A nova lei autoriza a União a bloquear bens de devedores sem ordem judicial

Exclusivo para assinantes
Por Redação
2 min de leitura

Recentemente foi publicada a Lei 13.606/18, que trata do “Programa de Regularização Tributária Rural” para as dívidas relativas ao Funrural. Controvertido, o projeto de lei teve vários dispositivos vetados pelo presidente Michel Temer, que retirou alguns de seus principais excessos. Por exemplo, o desconto integral das multas foi excluído do texto final.

Permaneceu, no entanto, no bojo da Lei 13.606/18 um verdadeiro absurdo jurídico, que não apresenta relação com o tema do projeto de lei, o parcelamento das dívidas do Funrural. A nova lei autoriza a União a bloquear bens de devedores sem ordem judicial. A impressão é de que a excrescência, que se encontra no art. 25 da Lei 13.606/18, foi feita para ser aprovada sorrateiramente, esquivando-se das naturais resistências que o assunto suscitaria. Na exposição de motivos do projeto de lei, por exemplo, não há qualquer menção ao assunto.

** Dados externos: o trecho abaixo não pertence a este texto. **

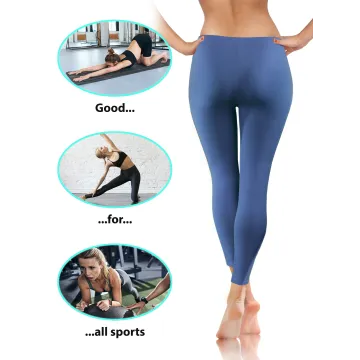 Legginsy damskie sportowe wiskoza kryjące długie jeans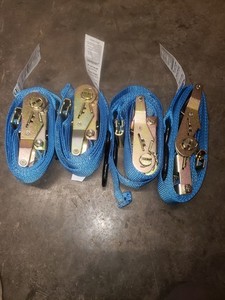Ratchet strap Cargo Strap Set Of 6 Tie Downs 92" Quick Release box van slat wall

Em vigor desde a data de sua publicação, o texto assim estabelece: “Inscrito o crédito em dívida ativa da União, o devedor será notificado para, em até cinco dias, efetuar o pagamento do valor atualizado monetariamente, acrescido de juros, multa e demais encargos nela indicados. (...) Não pago o débito no prazo fixado no caput deste artigo, a Fazenda Pública poderá: I - comunicar a inscrição em dívida ativa aos órgãos que operam bancos de dados e cadastros relativos a consumidores e aos serviços de proteção ao crédito e congêneres; e II - averbar, inclusive por meio eletrônico, a certidão de dívida ativa nos órgãos de registro de bens e direitos sujeitos a arresto ou penhora, tornando-os indisponíveis”.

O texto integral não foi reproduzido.